A studio that reflects the person
The Puzzle Factory is not a generic studio. It is a reflection of Dax himself: comfortable, professional, inspiring, and quietly inventive. The colour palette, the retro fridge full of microphones, the custom stands and racks, the lighting, the workflow, it all serves the same purpose. It is designed to make artists feel at ease while also making the technical side invisible, so the creativity can flow.
He has little patience for “we do it this way because that is how we have always done it” thinking. Tradition has its place, however for Dax, convention only matters if it is genuinely useful. Otherwise you design something better.

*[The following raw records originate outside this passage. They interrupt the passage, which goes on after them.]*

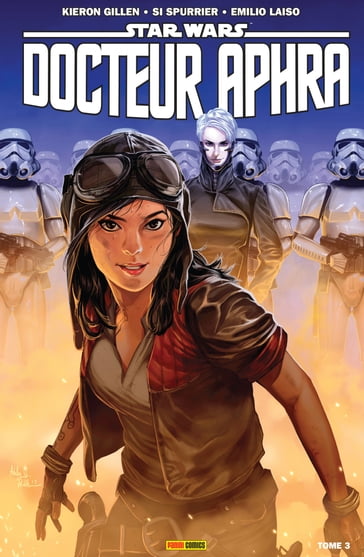 Star Wars: Docteur Aphra T03 - Emilio Laiso - Kieron Gillen - Si Spurrier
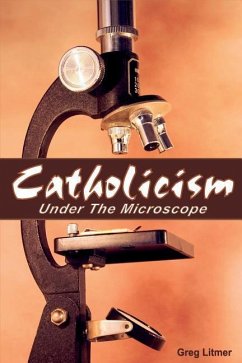 Catholicism Under the Microscope - Litmer, Greg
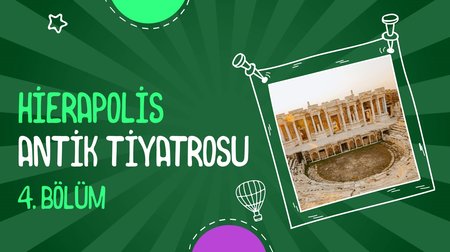 Hierapolis Antik Tiyatrosu | 4. Bölüm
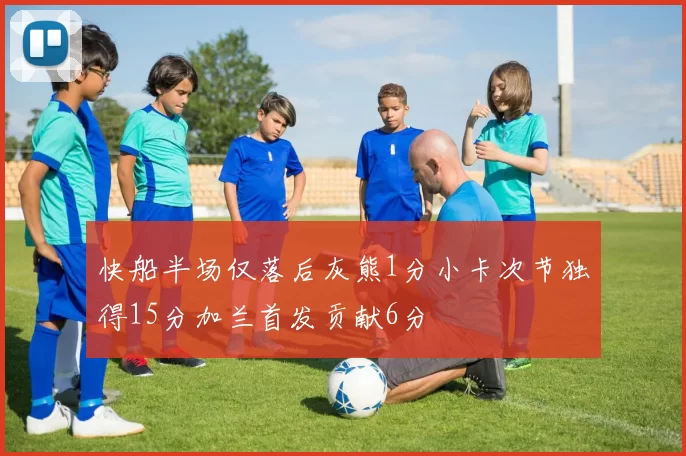 快船半场仅落后灰熊1分小卡次节独得15分加兰首发贡献6分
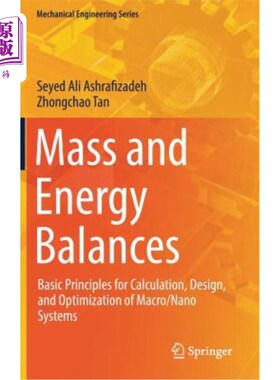 海外直订Mass and Energy Balances: Basic Principles for Calculation, Design, and Optimiza 质量和能量平衡：宏/纳米系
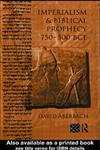 Imperialism and Biblical Prophecy: 750-500 BCE,041509500X,9780415095006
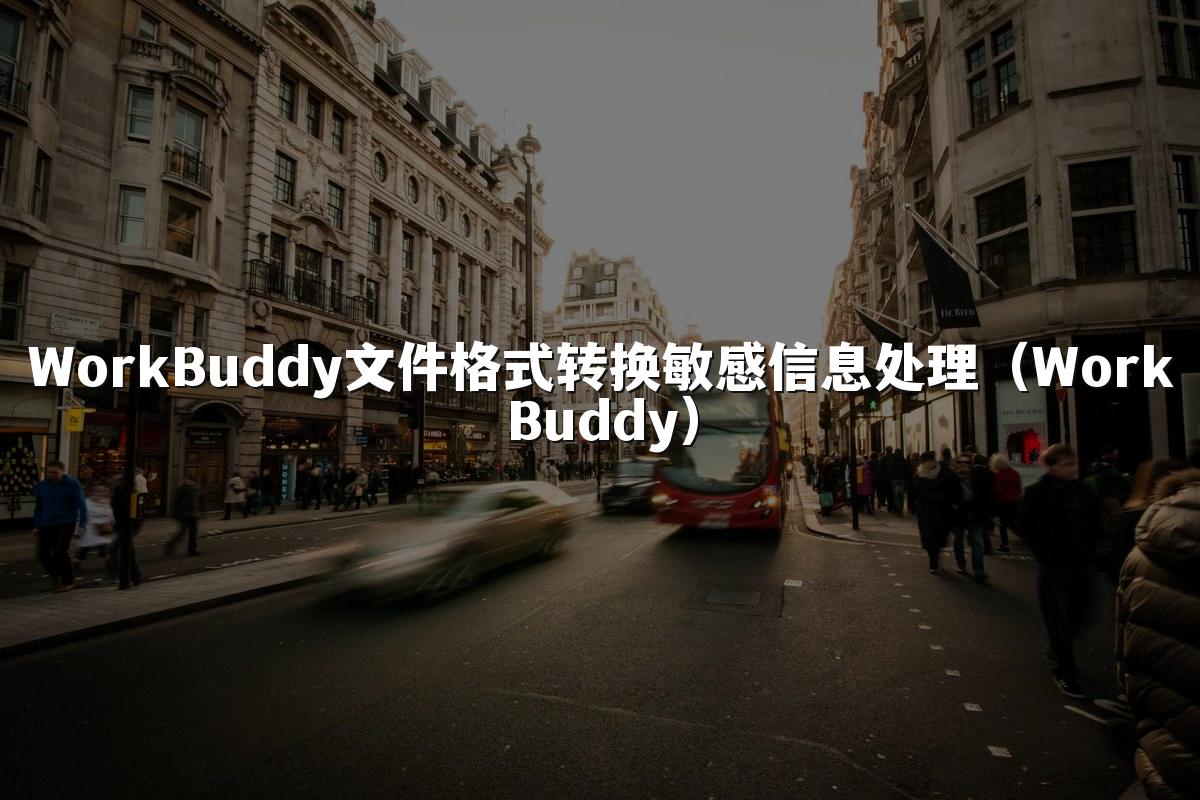 WorkBuddy文件格式转换敏感信息处理(WorkBuddy)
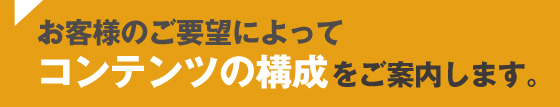 お客様のご要望によってコンテンツ構成をご案内します。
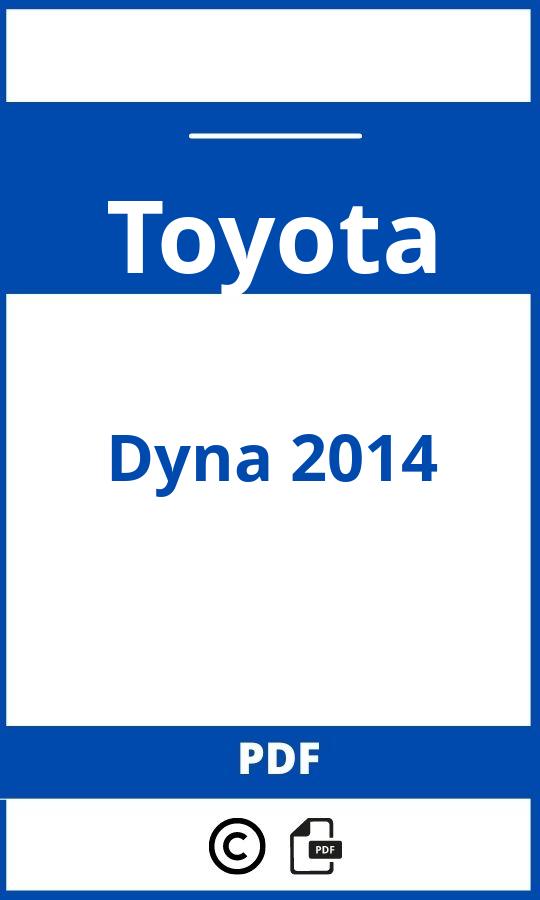 https://www.bedienungsanleitu.ng/toyota/dyna-2014/anleitung;Toyota;Dyna 2014;toyota-dyna-2014;toyota-dyna-2014-pdf;https://betriebsanleitungauto.com/wp-content/uploads/toyota-dyna-2014-pdf.jpg;https://betriebsanleitungauto.com/toyota-dyna-2014-offnen/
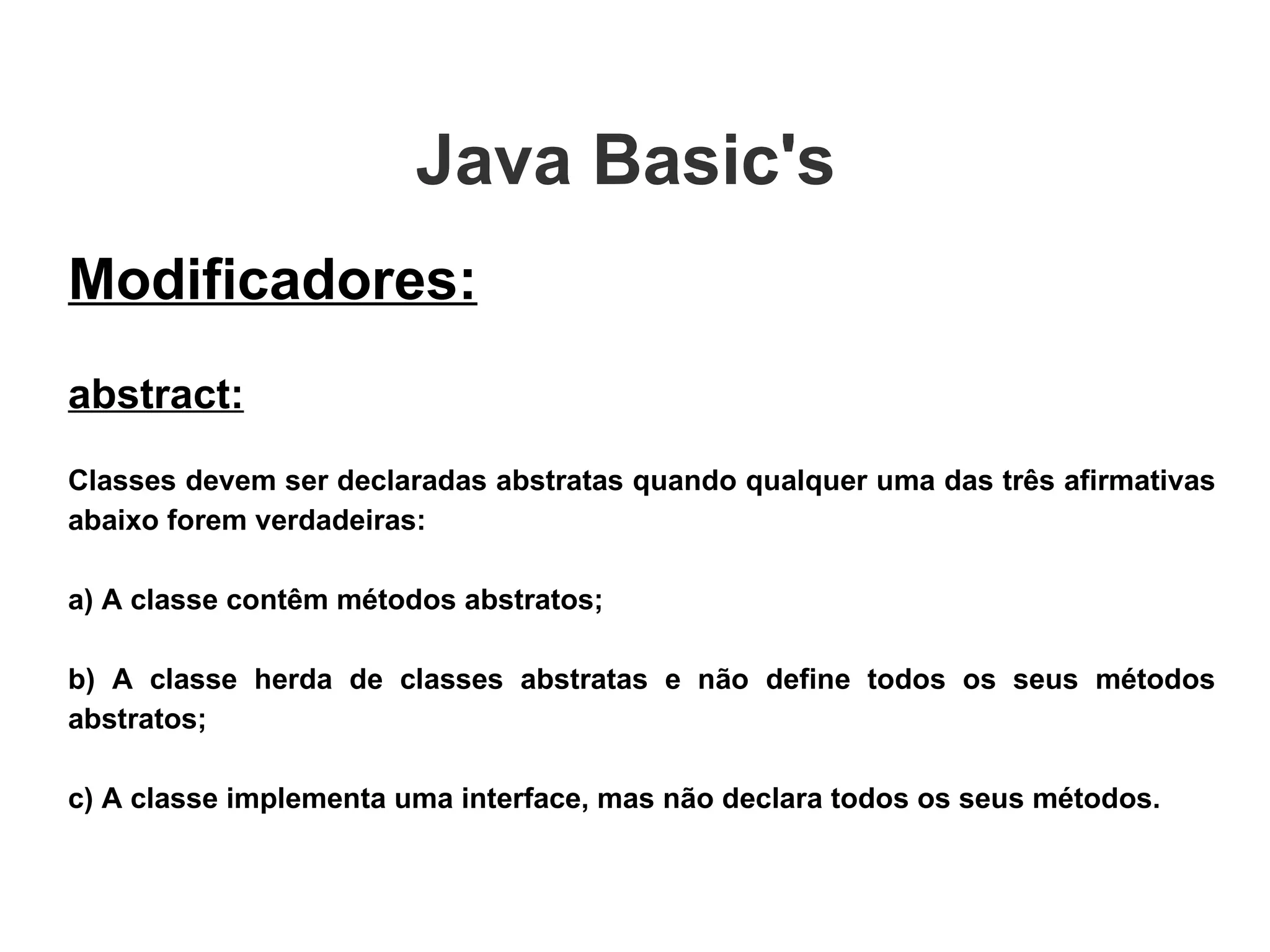 Java Basic's  Modificadores: abstract: Classes devem ser declaradas abstratas quando qualquer uma das três afirmativas abaixo forem verdadeiras: a) A classe contêm métodos abstratos; b) A classe herda de classes abstratas e não define todos os seus métodos abstratos; c) A classe implementa uma interface, mas não declara todos os seus métodos. 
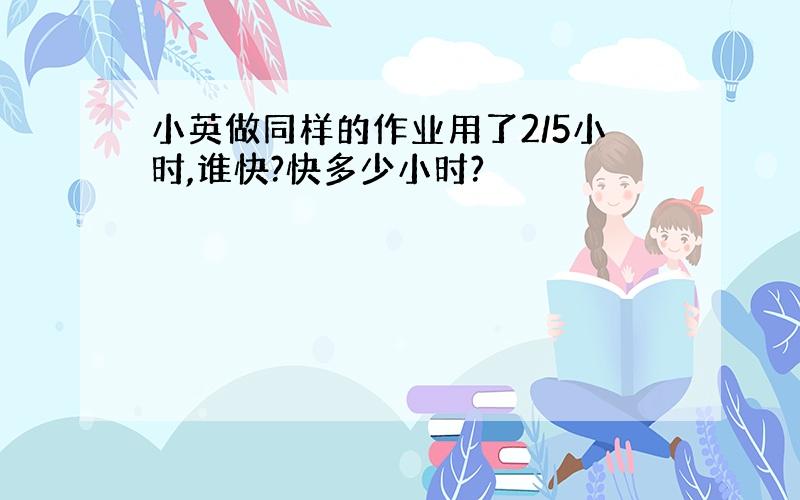 小英做同样的作业用了2/5小时,谁快?快多少小时?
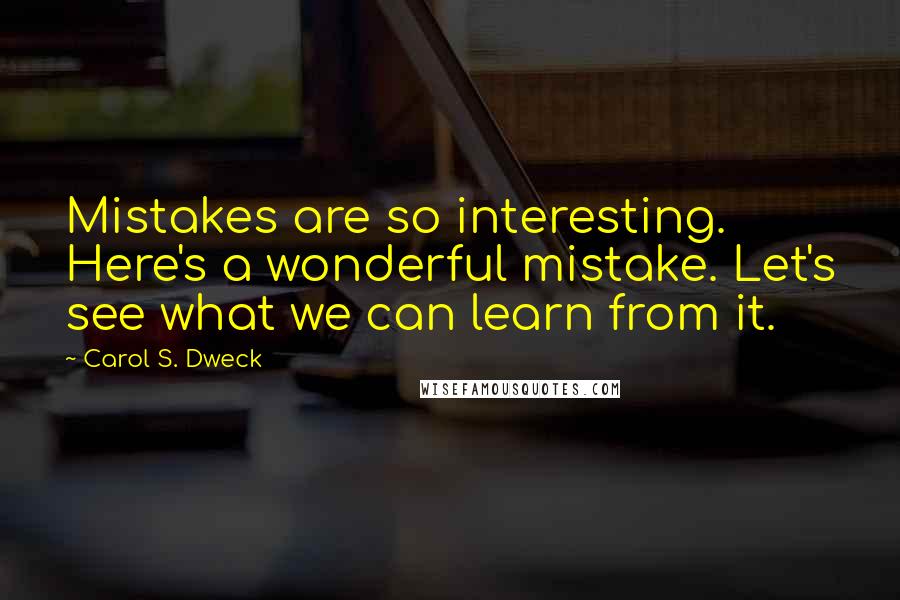 Carol S. Dweck quotes: Mistakes are so interesting. Here's a wonderful mistake. Let's see what we can learn from it.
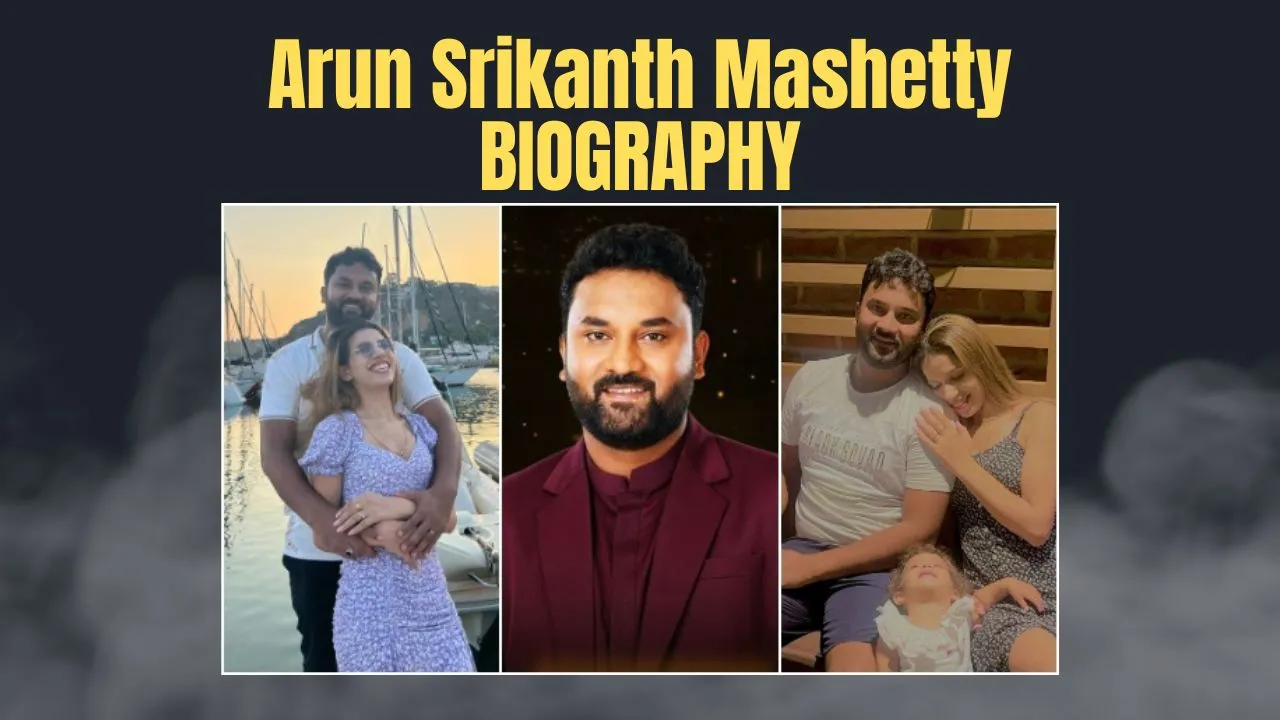 Arun Srikanth Mashetty Biography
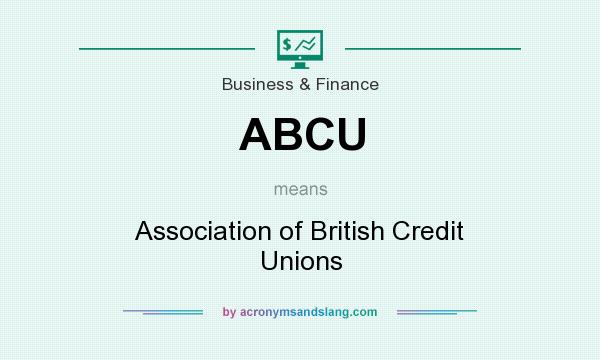 What does ABCU mean? It stands for Association of British Credit Unions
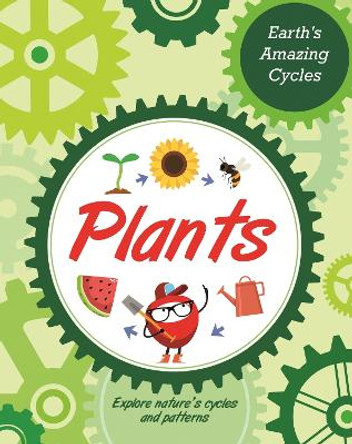 Earth's Amazing Cycles: Plants by Sally Morgan 9781445181998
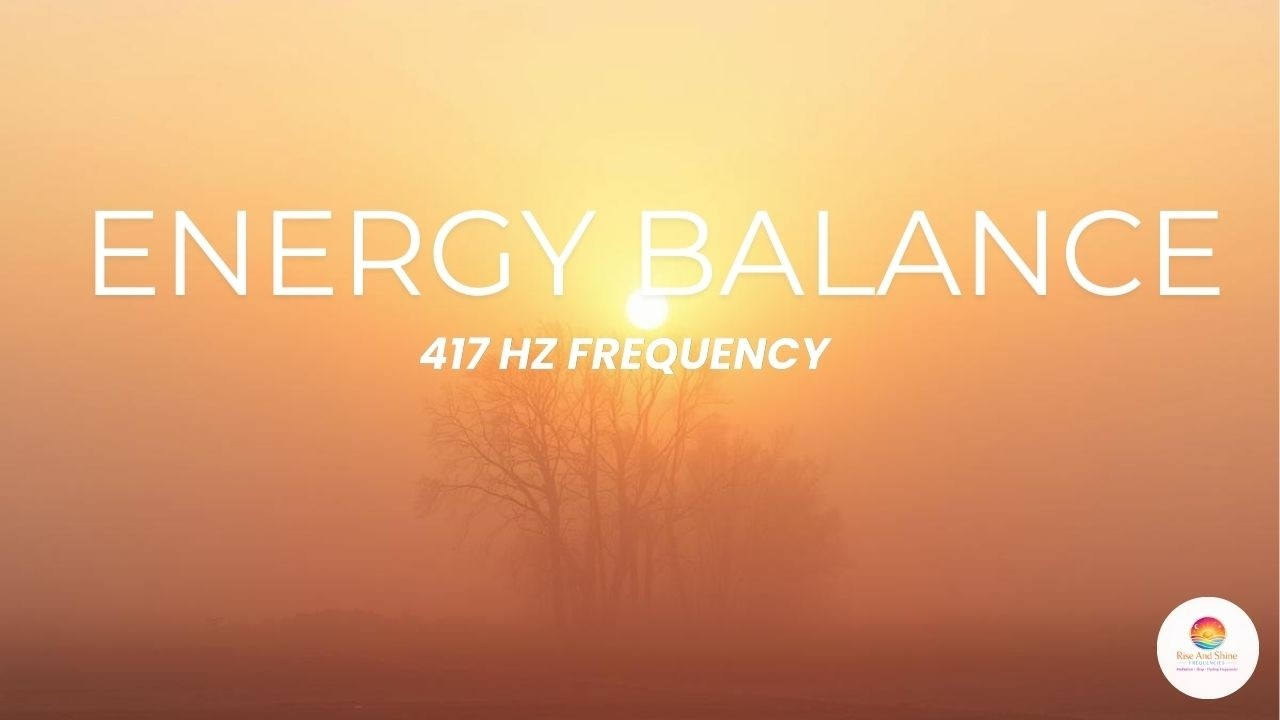 417 Hz Frequency for Energy Balance & Emotional Renewal 🌈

Today he continues to work as a producer, mixer and mastering engineer, often helping clients shape their projects from the ground up, and still writing, teaching and answering questions from viewers and artists who discover him through studio tours and mix breakdowns.
From a three-year-old pressing forbidden buttons in a radio station to a Churchill Fellow designing desks for Alan Moulder and building one of London’s most distinctive studios, Dax Liniere’s journey is really about one core idea: if the thing you want does not exist yet, learn how it works and build it.